In their work discussing the history of software licensing, intellectual property scholars Michael L. Rustad and Maria Vittoria Onufrio noted that the creation of the software license was equal to the creation of the corporation in its significance.
That’s a bold statement but it’s justified. Software drives the world’s digital transformation. The smartphones we hold in our hands, our workplace applications, the rush to AI, it’s all software-driven.The global software market is expected to surpass a trillion dollars annually before 2030. And this entire cultural juggernaut balances on the little appreciated legal instrument called the software license. The software license is a remarkable legal innovation. It creates an unusual economic relationship. Software users don’t take ownership of software, even when it’s totally in their control. Instead, they buy a right to use it, sometimes forever, as long the terms of the license are not violated.
But as a contractual document, just how enforceable are the provisions of a software license? Recent litigation between the Food and Drug Administration and Avue Technologies Corporation has brought to light an area of uncertainty that occurs when licenses are passed through to the government through resellers. The federal commercial software market is dominated by resellers. Most software companies prefer to use resellers rather than to have a direct contract with the government. This allows them to avoid the onerous regulations that come with prime contracting. When software is sold this way, the reseller holds the contract with the government and passes along the software license. Usually, it’s a standard boilerplate document on the software company’s letterhead – the sort of thing people do not bother to read. It attaches to the contract as an addendum and is often colloquially referred to as a “pass-through” license.
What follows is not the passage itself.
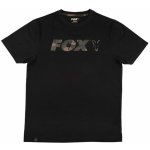 Fox triko Black Camo Chest Print T-Shirt – Zbozi.Blesk.cz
But has an actual contractual relationship between the software company and the government been established? Who has the right to enforce the license?
In 2018, Avue submitted a claim to the FDA stating it owed Avue $41 million for misuse of its software in violation of Avue’s license. Despite the Avue license incorporated in the agreement, the FDA claimed it only had a contract with Carahsoft, the reseller, and therefore Avue had no ability to independently pursue a claim. The crux of FDA’s theory was that the license agreement was only enforceable by Carahsoft, its prime contractor.
Avue, on its own, took the dispute to the Civilian Board of Contract Appeals which punted, stating the license by itself was not a procurement contract and therefore it did not have proper jurisdiction to resolve the dispute. It did note that it was the first case of its kind where a 3rd party and not a prime contractor attempted to enforce its license.
Finally, Avue took the claim to the Court of Appeals for the Federal Circuit which ruled on March 6 that the CBCA does in fact have jurisdiction in this matter. The court did not rule on the heart of the contractual issue but kicked it back to the CBCA to decide. At this moment, the independent enforceability of a software license, absent direct privity of contract with the government, has not been resolved.
It seems no judicial body wants this hot potato. It is complicated and the ramifications are significant. It seems clear that the reseller is contractually on the hook for the language of the incorporated license, but that only goes so far. In the FDA case, the reseller appears to have not participated in Avue’s claim. If a prime contractor has reasons to avoid litigation, is the licensor out of luck?
Likewise, it is easy to imagine the shoe on the other foot. What happens when the government attempts to enforce a software use right it believes it has and the software company claims it’s unenforceable for a lack of a direct contract? Obviously, the reseller, with the prime contract would be liable for the language of the license. But a reseller is often a paper tiger, with no control of the products they sell. They operate at the whim of the manufacturer. For some small resellers, it might be more attractive to go bankrupt than to stand in the middle of a lengthy and expensive dispute between trillion-dollar software titans and the government. The government would likely find alternative legal theories to enforce a license agreement under these circumstances, but none would be as clean and simple as relying upon a breach of the license itself.
For some lawyers, the pass-through license has always been a prickly concept. Hopefully the Avue litigation will create a resolution, one way or another, and both the government and software licensors can craft a way forward to reduce uncertainty. For now, this seems to be an unsettled area despite the fact that the government likely spends more than $15 billion a year on commercial software via “passed-through” licensing.